Cependant, Monsieur Bâ, confirme que les besoins sont énormes et urgents. Selon le Ministère de l’environnement, plusieurs villes du Sénégal sont menacées de disparition.
Tous les participants sont d’accord sur le fait que depuis bientôt 10 ans le phénomène de l’érosion côtière est connu au Sénégal et que l’adaptation est possible. Il faut désormais passer à l’action concrète avec des responsabilités clairement définies et attribuées.
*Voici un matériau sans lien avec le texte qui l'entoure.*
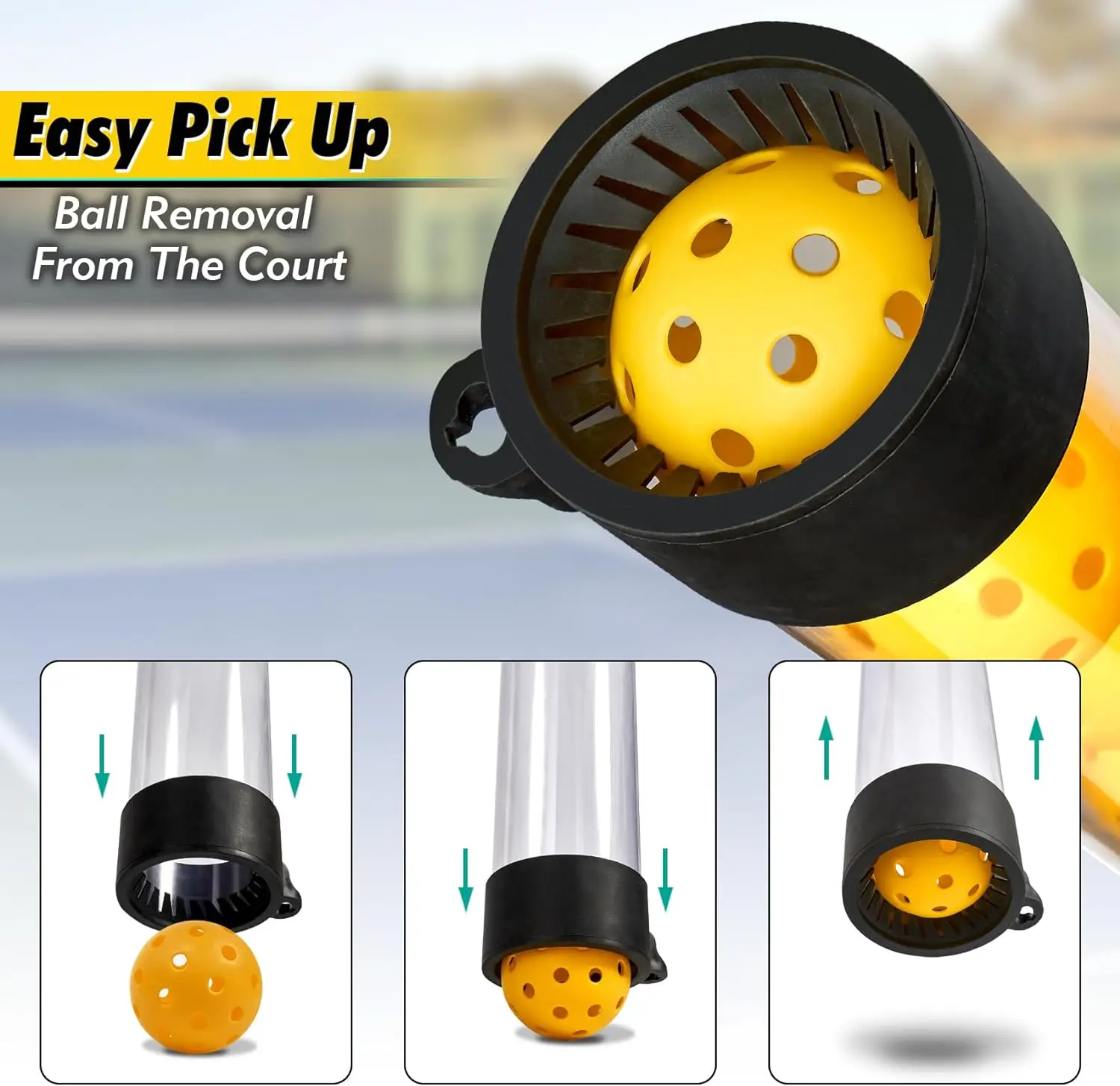 Recogida de tenis con capacidad para 18 ball collector tennis ball holder  tenis con tirantes de tenis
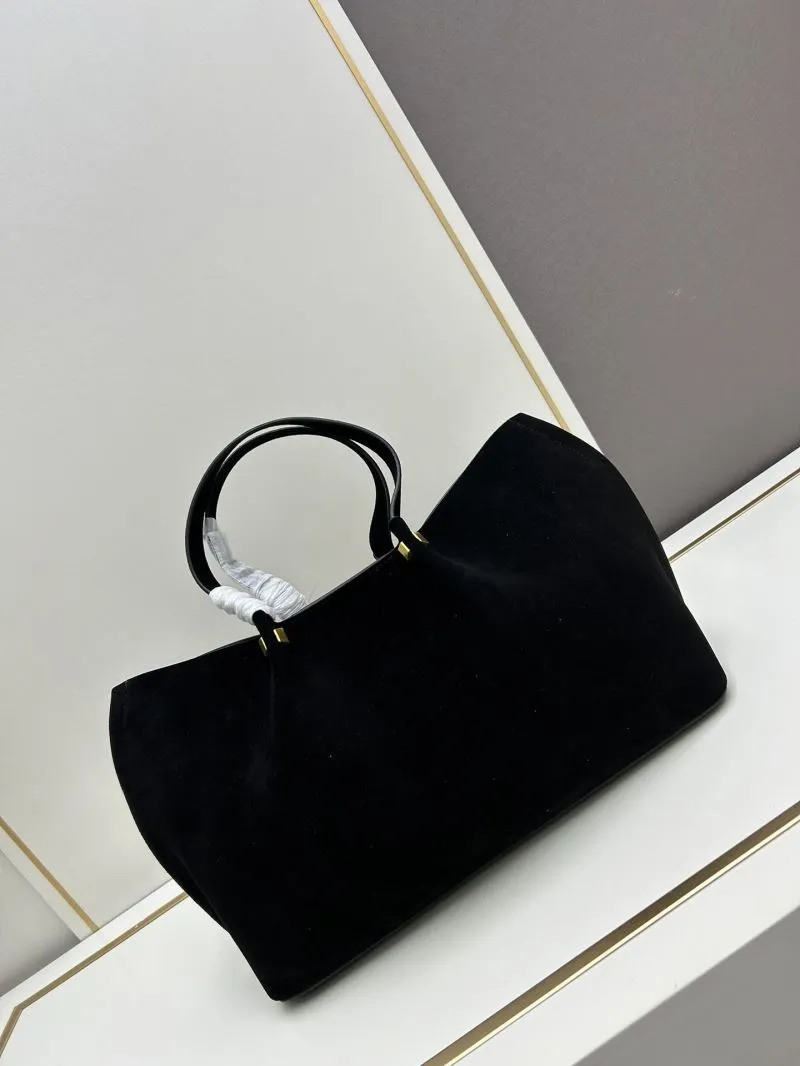 Valentino Black Suede Tote Bag with Pouch 20256 - Image 5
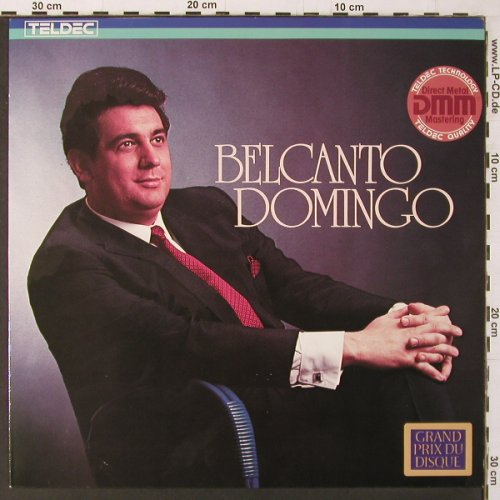 Domingo,Placido: Belcanto Domingo, Teldec (6.42954 AG), D, Ri, 1983 Typ: LP Best.-Nr.: K190 Preis: 7,50 Euro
Cette action doit commencer par l’élaboration d’une solution globale et concertée entre le gouvernement, les scientifiques, la société civile et le secteur privé.
Ainsi, la 3ème édition de nos Green Talks a dégagé des conclusions qui pourraient servir de base à une solution globale :
Au niveau légal et règlementaire
- Il ne faut pas « se voiler la face » : le fait que le gouvernement ait sauvé quelques mètres de plage n’est que le début de la lutte. Il faut une solution globale visant le long terme ;
- Une solution globale passe par l’aménagement du territoire qui prendra en compte aussi bien le phénomène naturel d’érosion côtière que les conséquences des actions de l’homme ;
- La loi sur le littoral doit être multisectorielle en y intégrant outre le secteur environnemental, la dimension sociale et économique ainsi que l’aménagement du territoire ;
- Tout nouveau projet touristique sur la côte, en particulier celui de la station balnéaire sur la Pointe Sarène, inscrit dans le Plan Emergent du Sénégal, doit capitaliser l’expérience de l’érosion côtière à Saly ;
Au niveau des actions concrètes :
- Lancer la construction de brises lames dûment étudiées par des experts ;
- Valoriser (de façon contrôlée) la côte avec la participation des usagers et du secteur privé, p.e. créer des espaces verts publics de recréation ;
- Reboiser la côte et ainsi améliorer la fixation du sable cruciale pour amoindrir l'érosion côtière, ce que peut très bien compléter l’action n°6 ci-dessus ;
Le débat a ainsi permis d’une part d’apporter aux participants une meilleure connaissance de la problématique de l’érosion côtière au Sénégal et des solutions à y apporter. D’autre part, le public a eu un meilleur aperçu des actions entamées jusqu’à ce jour par le gouvernement et le secteur privé. Travaillons pour que la loi sur le littoral soit favorable aux solutions citées ci-dessus et soit effectivement respectée.